Concluding Remarks: Afterlife
Chinese wallpaper illustrates the myriad ways in which East India Company trade, employment and politics pervaded British social and cultural life, shaping the domestic interior in fundamental ways. Although the papers themselves were (and are) conspicuous in their colouring, patterns and design, their pivotal roles in globalising the British home have received little systematic attention to date. The impact of Chinese wallpaper was not restricted to those who had houses decorated with it, or had access to these houses as visitors and servants. Despite the success of British-made wallpapers, the allure of Chinese wallpaper continued into and beyond the nineteenth century. Its high value ensured that this exotic and fashionable luxury item lived on beyond the walls on which it was initially placed in British homes. Offcuts and scraps were framed as pictures, used to decorate chimney boards (at Osterley a Chinese print was used with an applied border), or deployed to back embroidered pole screens and craft work like that on the reverse of a cut-paper picture of c.1800. Chinese wallpaper was used to cover boxes, and larger sections were turned into screens.

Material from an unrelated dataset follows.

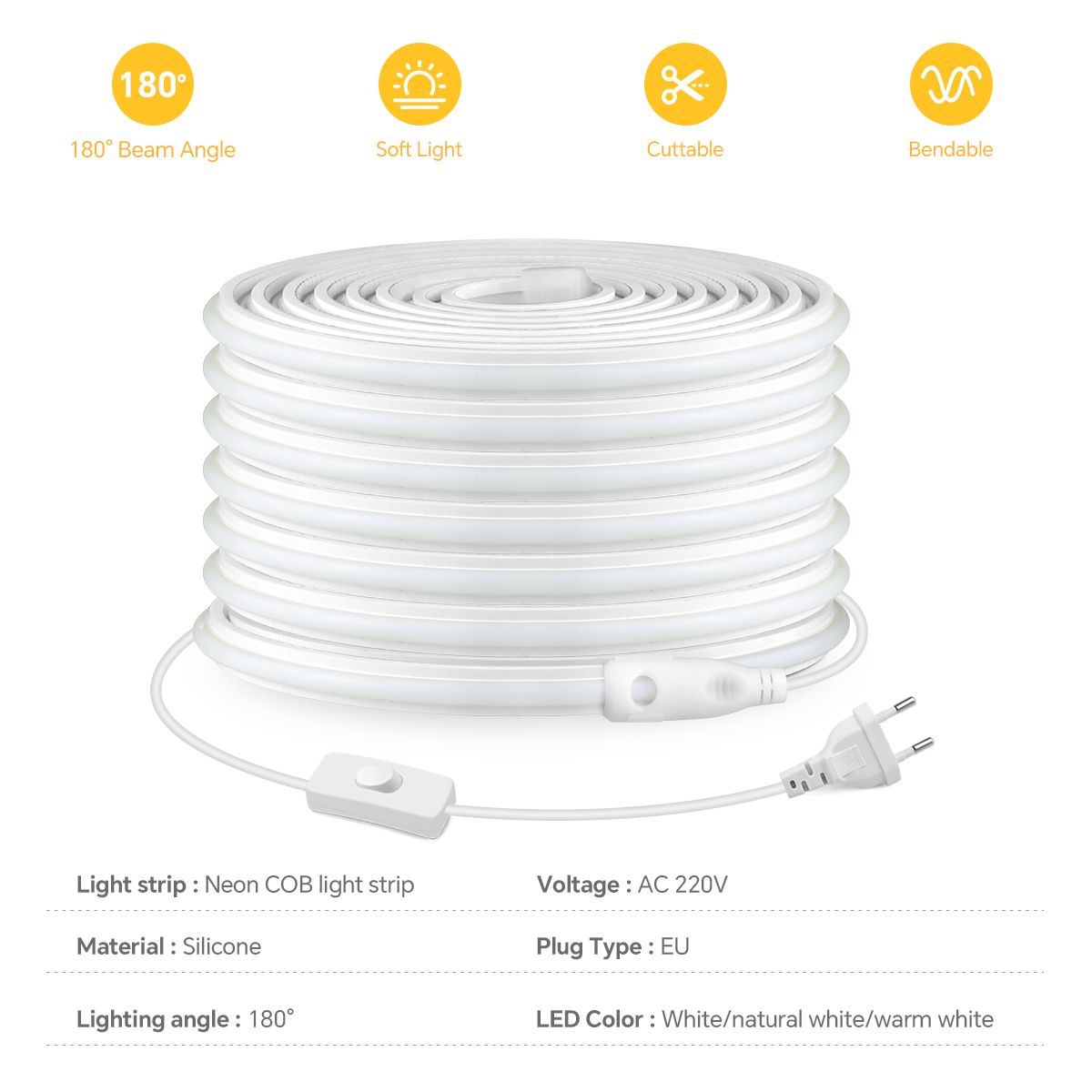220V COB Led Strip High Densit - đánh giá và giá Outdoor Power Port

The fascination with Chinese wallpaper continues in the twenty-first century, as a recent advertisement in the Financial Times reveals. Even today, in a globalized world of commerce, tourism and manufacture, Chinese wallpaper is ‘a picture that transports you somewhere. It isn’t cheap, but if you’d happily spend thousands of pounds on a piece of art to fill that wall, you will spend £300 on a wallpaper mural where the effect is the same. In many cases you’re the only person who is going to have it.
 Pair of framed Chinese wallpaper fragments, 56 x 49 cms, Christie’s 10-11/1/202, sale 2530 Lot 295; Box covered with Chinese wallpaper, 19th c., 28 x 65.5 x 42 cms, sold Christie’s 21 October 2003, lot 229; For example 6-fold screen, c.1790s, sold Sotheby’s 24 October 2008, lot 174.
 Financial Times, ‘How to Spend It’, 3 August 2013. p.6.